Your objective — The reply should repeat all of the data word for word, with no pictures.

Available data —
_ _ _ _

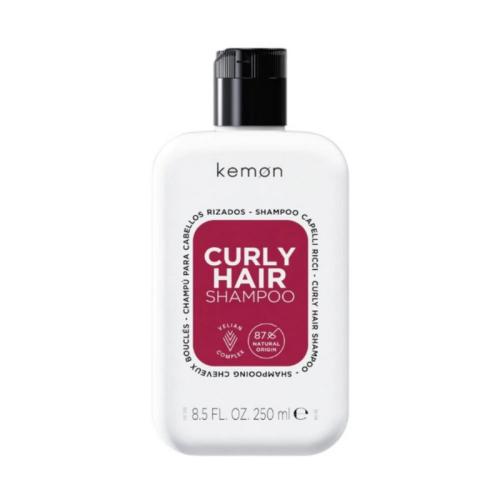 KEMON CARE CURLY HAIR SHAMPOO 250ML - immagine 1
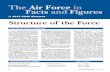 The Air Force in Facts and Figures - Air Force Magazine Documents/2011/M… · 38 AIR FORCE Magazine / May 2011 How the Air Force Is Organized There is considerable variation in how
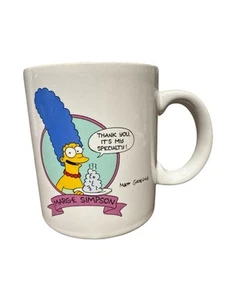 Taza de café vintage de Los Simpson - Marge Simpson - One of the Bunch 1990 - Imagen 1 de 4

_ _ _ _

Answer to the exercise —
 KEMON CARE CURLY HAIR SHAMPOO 250ML - immagine 1
 The Air Force in Facts and Figures - Air Force Magazine Documents/2011/M… · 38 AIR FORCE Magazine / May 2011 How the Air Force Is Organized There is considerable variation in how
 Taza de café vintage de Los Simpson - Marge Simpson - One of the Bunch 1990 - Imagen 1 de 4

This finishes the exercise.